Print all of the data below exactly as it appears, leaving out every image.

▸ STORED DATA
————

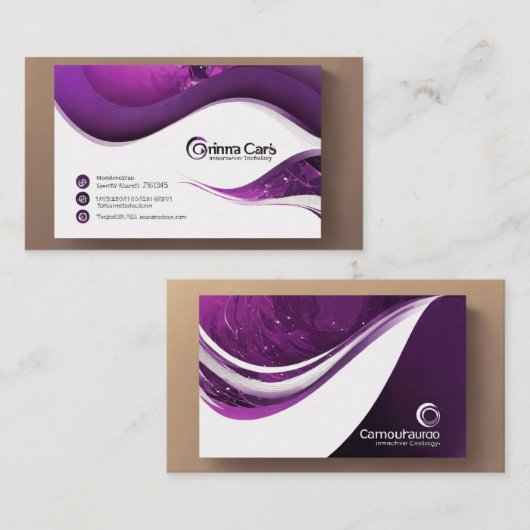 Visitenkarten Visitenkarte (Vorne/Hinten)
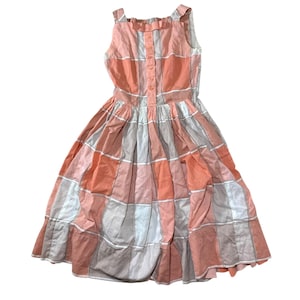 peach and grey dress Buy Peach Grey Side Gathered Calf Length Dress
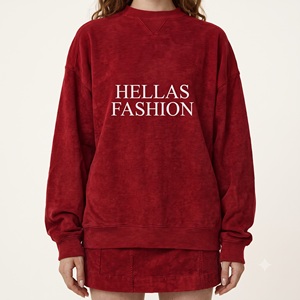Sudadera de Forro Polar para Mujer, Cuello Alto, Estilo Casual, Invierno, Mezcla de Algodón Premium, Corte Holgado, Logotipo Personalizado, Venta al Por Mayor OEM ODM - Product Image 1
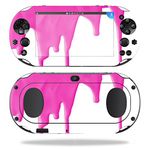 MightySkins Skin Compatible with Sony PS Vita (Wi-Fi 2nd Gen) wrap Cover Sticker Skins Pink Drip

————

▸ EXERCISE RESPONSE
 Visitenkarten Visitenkarte (Vorne/Hinten)
 peach and grey dress Buy Peach Grey Side Gathered Calf Length Dress
Sudadera de Forro Polar para Mujer, Cuello Alto, Estilo Casual, Invierno, Mezcla de Algodón Premium, Corte Holgado, Logotipo Personalizado, Venta al Por Mayor OEM ODM - Product Image 1
 MightySkins Skin Compatible with Sony PS Vita (Wi-Fi 2nd Gen) wrap Cover Sticker Skins Pink Drip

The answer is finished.